▶ **Data shown**:
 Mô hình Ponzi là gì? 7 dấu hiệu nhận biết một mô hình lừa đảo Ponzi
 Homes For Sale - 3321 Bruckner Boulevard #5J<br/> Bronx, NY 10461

--

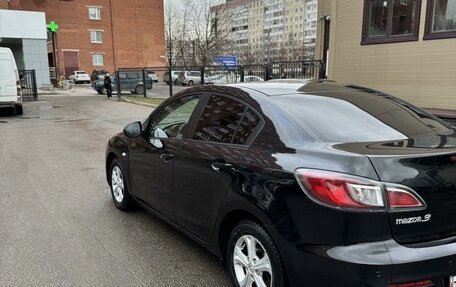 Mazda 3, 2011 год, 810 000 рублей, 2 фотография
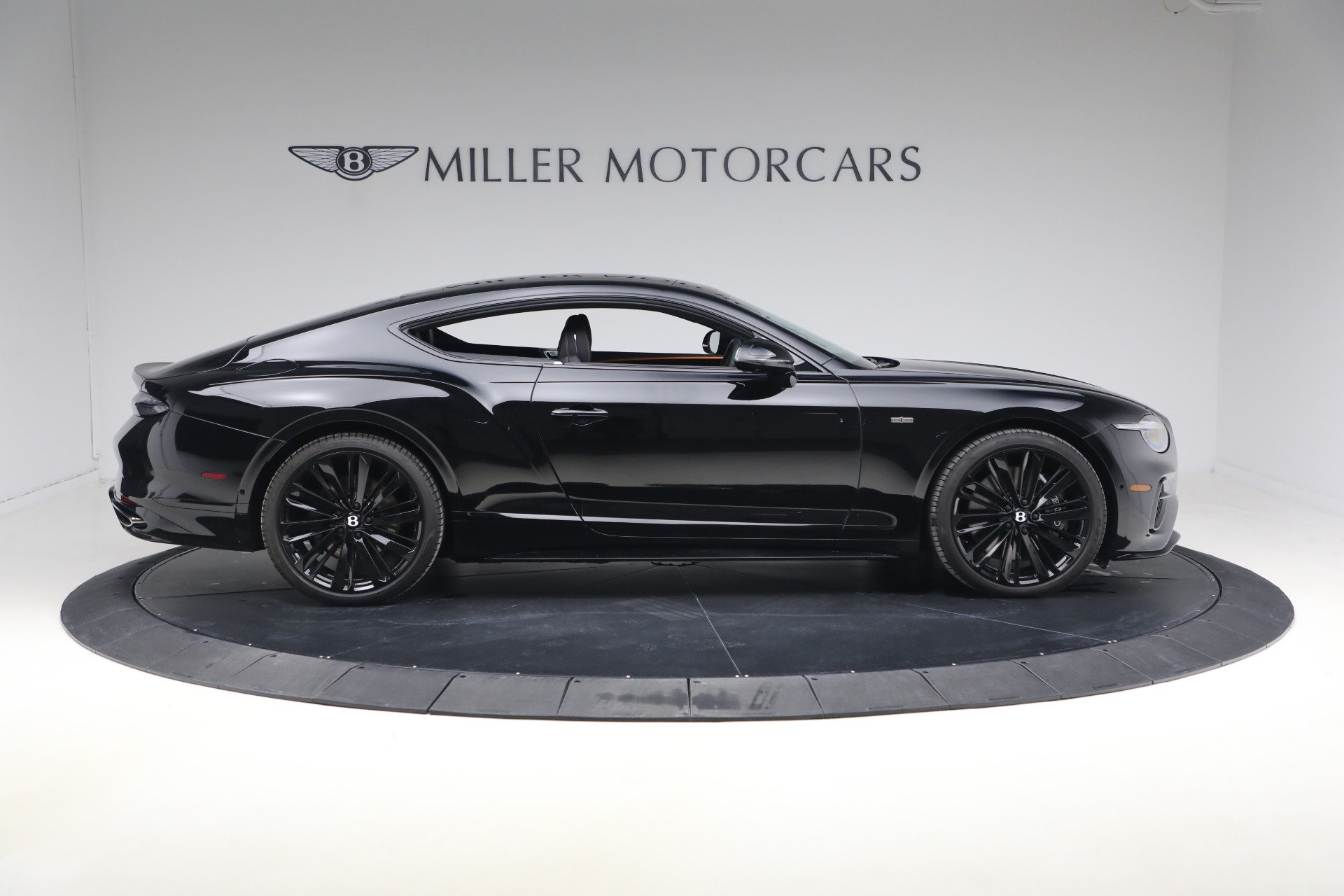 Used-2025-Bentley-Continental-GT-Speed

▶ **What the task asks**:
Using the data above, give again exactly the lines starting at the one holding "Mazda 3, 2011" and ending at the one holding "Used-2025-Bentley-Continental-GT-Speed", inclusive, and nothing more. Omit the pictures.

▶ **Answer below**:
 Mazda 3, 2011 год, 810 000 рублей, 2 фотография
 Used-2025-Bentley-Continental-GT-Speed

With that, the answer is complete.